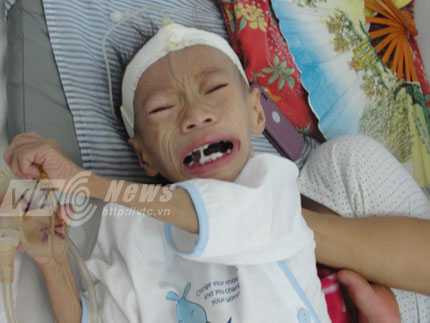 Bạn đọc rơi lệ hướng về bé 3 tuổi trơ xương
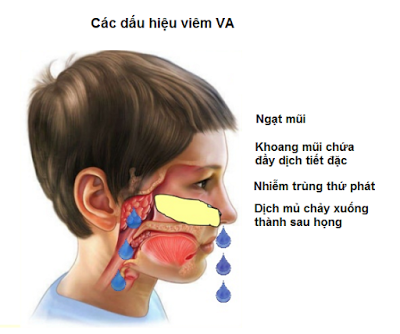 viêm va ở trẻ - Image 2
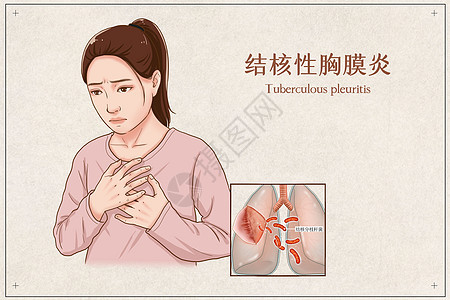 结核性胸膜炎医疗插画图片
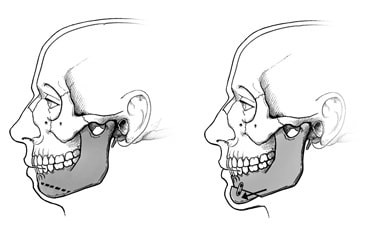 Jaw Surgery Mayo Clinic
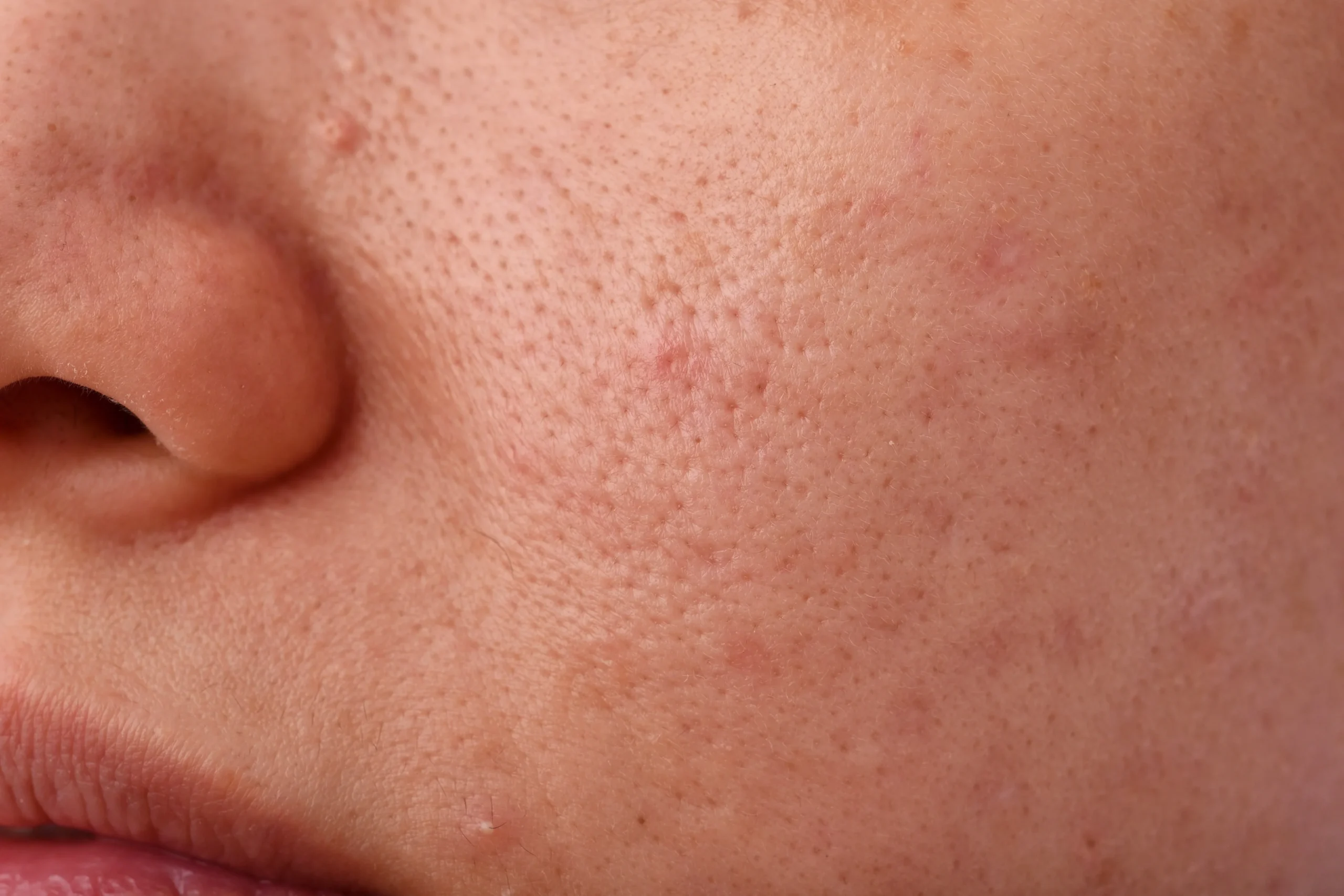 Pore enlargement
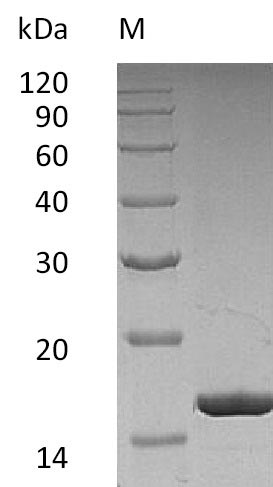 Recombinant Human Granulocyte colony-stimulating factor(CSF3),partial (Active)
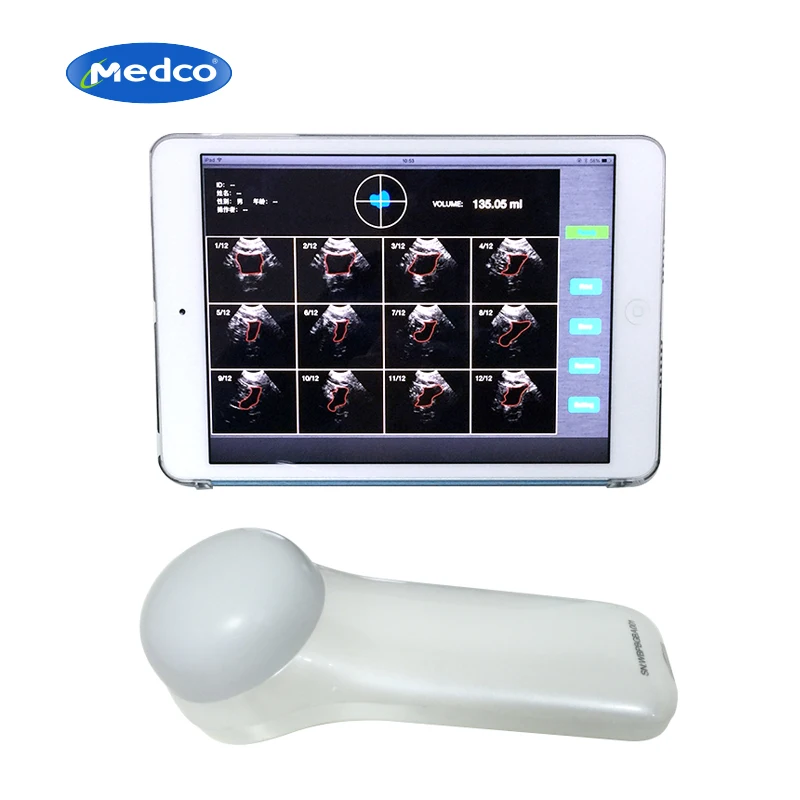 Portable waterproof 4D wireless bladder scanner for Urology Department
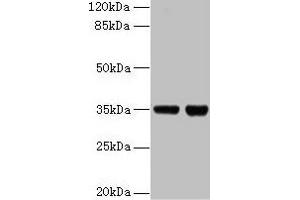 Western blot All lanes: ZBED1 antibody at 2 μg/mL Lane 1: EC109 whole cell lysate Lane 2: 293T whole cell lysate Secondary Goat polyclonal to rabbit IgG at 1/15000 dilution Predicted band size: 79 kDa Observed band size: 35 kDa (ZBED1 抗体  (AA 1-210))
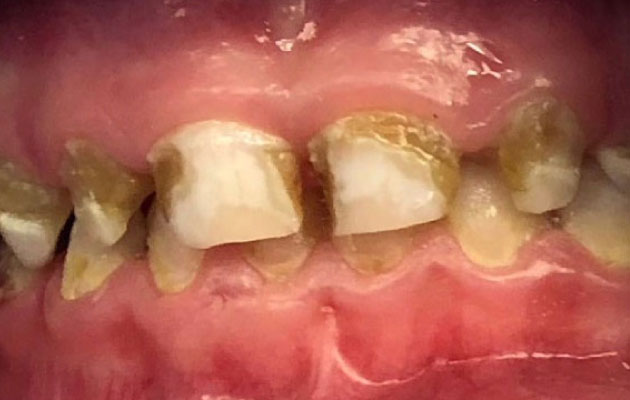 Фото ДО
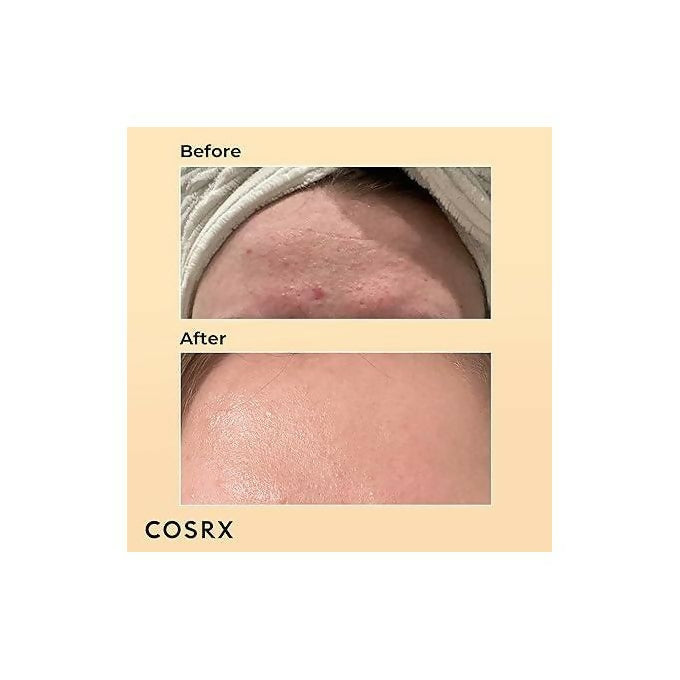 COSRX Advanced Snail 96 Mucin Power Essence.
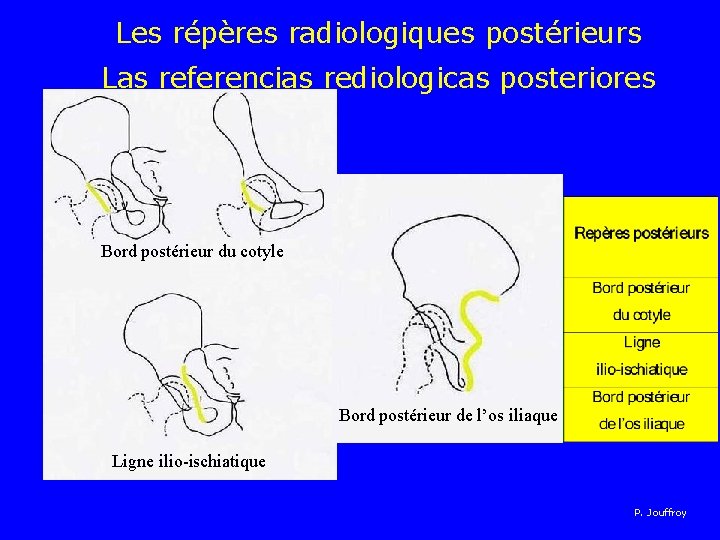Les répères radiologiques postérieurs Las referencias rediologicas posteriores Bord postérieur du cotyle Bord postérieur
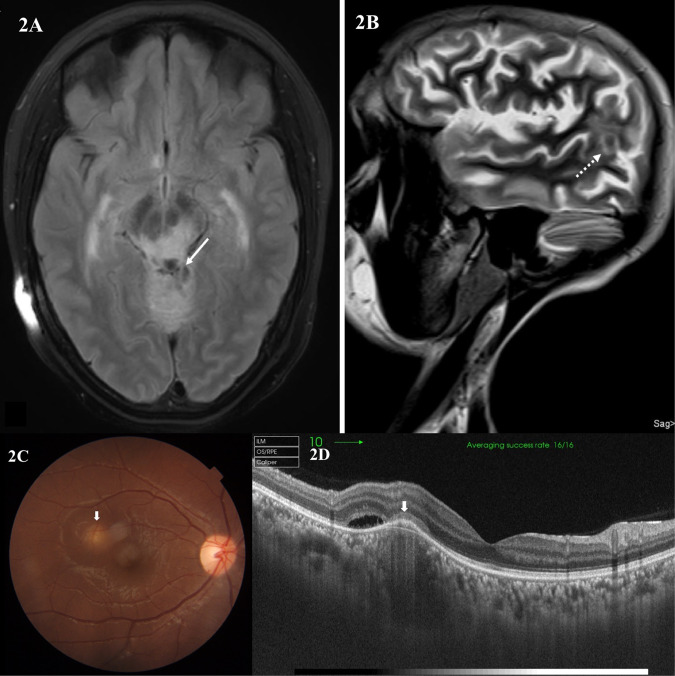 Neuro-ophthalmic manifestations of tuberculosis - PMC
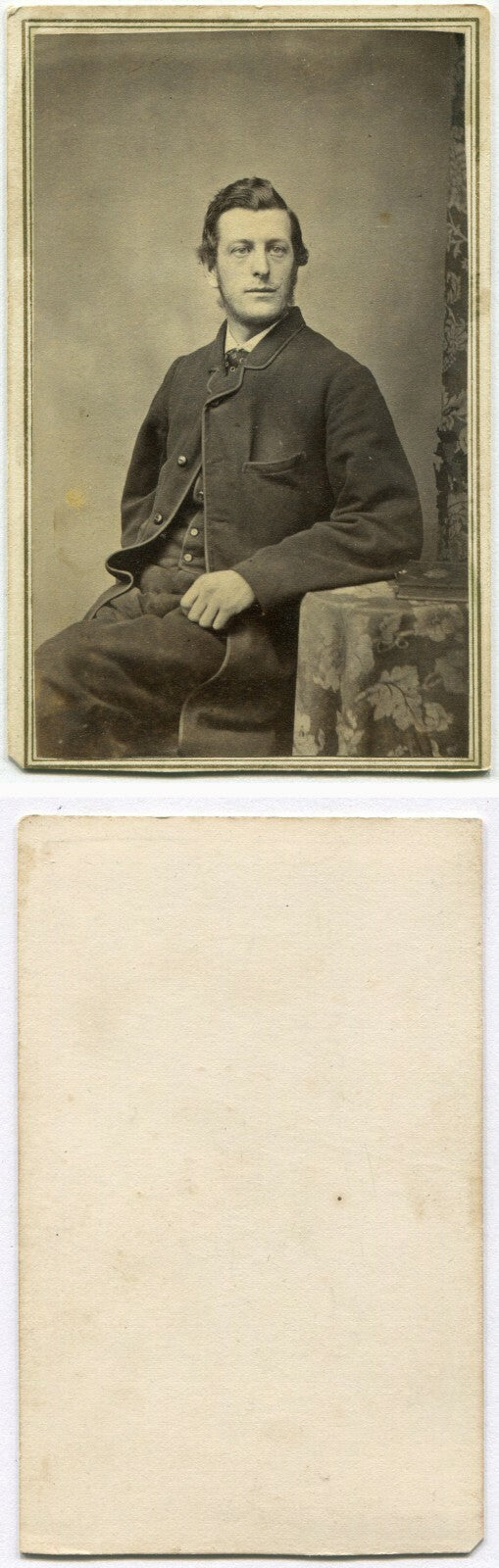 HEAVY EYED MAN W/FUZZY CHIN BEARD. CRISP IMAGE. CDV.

=====

The problem |
Word for word, restate all of the records. Exclude the pictures.

Final answer |
 Bạn đọc rơi lệ hướng về bé 3 tuổi trơ xương
 viêm va ở trẻ - Image 2
 结核性胸膜炎医疗插画图片
 Jaw Surgery Mayo Clinic
 Pore enlargement
 Recombinant Human Granulocyte colony-stimulating factor(CSF3),partial (Active)
 Portable waterproof 4D wireless bladder scanner for Urology Department
 Western blot All lanes: ZBED1 antibody at 2 μg/mL Lane 1: EC109 whole cell lysate Lane 2: 293T whole cell lysate Secondary Goat polyclonal to rabbit IgG at 1/15000 dilution Predicted band size: 79 kDa Observed band size: 35 kDa (ZBED1 抗体  (AA 1-210))
 Фото ДО
 COSRX Advanced Snail 96 Mucin Power Essence.
Les répères radiologiques postérieurs Las referencias rediologicas posteriores Bord postérieur du cotyle Bord postérieur
 Neuro-ophthalmic manifestations of tuberculosis - PMC
 HEAVY EYED MAN W/FUZZY CHIN BEARD. CRISP IMAGE. CDV.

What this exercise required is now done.